A Multithreaded Fork of Redis That’s 5X Faster Than Redis
What if I told you there is a fork of Redis that can run 5x faster with nearly 5x lower latency. What if you no longer needed sentinel nodes and your replicas could accept both reads and writes? This could provide the potential to achieve a 10x reduction in the amount you shard.
This article looks at KeyDB which is an open source, multithreaded fork of Redis. We will review the latest benchmarking numbers and discuss how a more powerful, single instance of KeyDB can reduce cluster size and simplify your stack. We discuss the multithreading architecture and walkthrough how to replicate these numbers.
#Why KeyDB? Why Consider A Fork?
With an uninhibited ability to evolve the codebase, KeyDB has been able to make huge strides in a short amount of time and are on a path that will disrupt the database landscape in the months to come.
In regards to why fork Redis in the first place, KeyDB has a different philosophy on how the codebase should evolve. We feel that ease of use, high performance, and a "batteries included" approach is the best way to create a good user experience. While we have great respect for the Redis maintainers it is our opinion that the Redis approach focuses too much on simplicity of the code base at the expense of complexity for the user. This results in the need for external components and workarounds to solve common problems.
Because of this difference of opinion features which are right for KeyDB may not be appropriate for Redis. A fork allows us to explore this new development path and implement features which may never be a part of Redis. KeyDB keeps in sync with upstream Redis changes, and where applicable we upstream bug fixes and changes. It is our hope that the two projects can continue to grow and learn from each other.

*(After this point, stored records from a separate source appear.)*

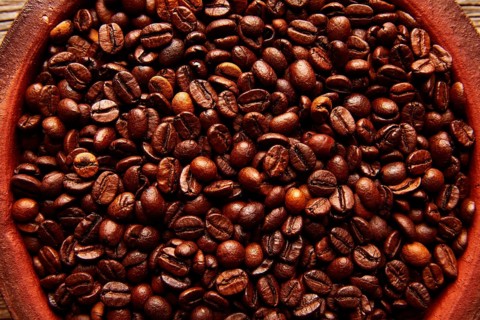 Coffee beans in a clay dish with nice texture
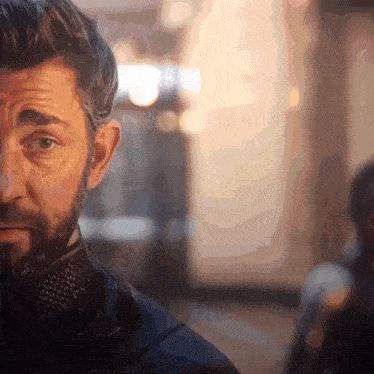 a man with a beard looks at the camera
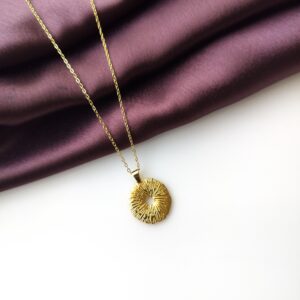 Celestia Gold Charm Chain with wide textured ring front view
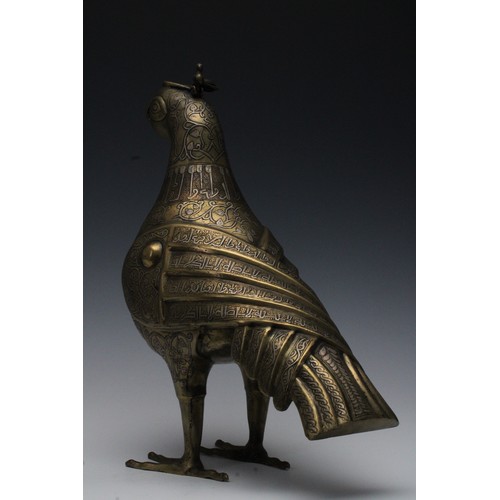 42 - An Islamic Bronze Incense Burner in the Shape of a Bird with Silver Inlay and Islamic Calligraphy.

#Latest Benchmarking DataKeyDB launched in March of this year and even with our performance gains, we still expect to get even faster. Our latest benchmarking data shows a single instance of KeyDB getting just over 5 times more ops/sec (graph ranging 5.13-5.49) than a single instance of Redis (v5) and nearly 5 times lower latency (graph ranging 4.6-5.1):
#Benefits of Multithreading
Being able to increase the power of a single instance/node of KeyDB reduces the need to shard and can greatly reduce the number of moving parts in your setup. You might be asking if running many Redis nodes in a cluster might get more throughput per core than multi-threading a single node? You can shard KeyDB just as you can Redis, and as your database grows extensively it makes sense to do so. But if you have the option to add horsepower without purchasing a second car why wouldn’t you? Being able to scale the size of your nodes in addition to sharding adds a new level of power and choice for the user. This is one of many differences of opinion between Redis and KeyDB. This is not only a common discussion point in the community but a point of contention in some circles.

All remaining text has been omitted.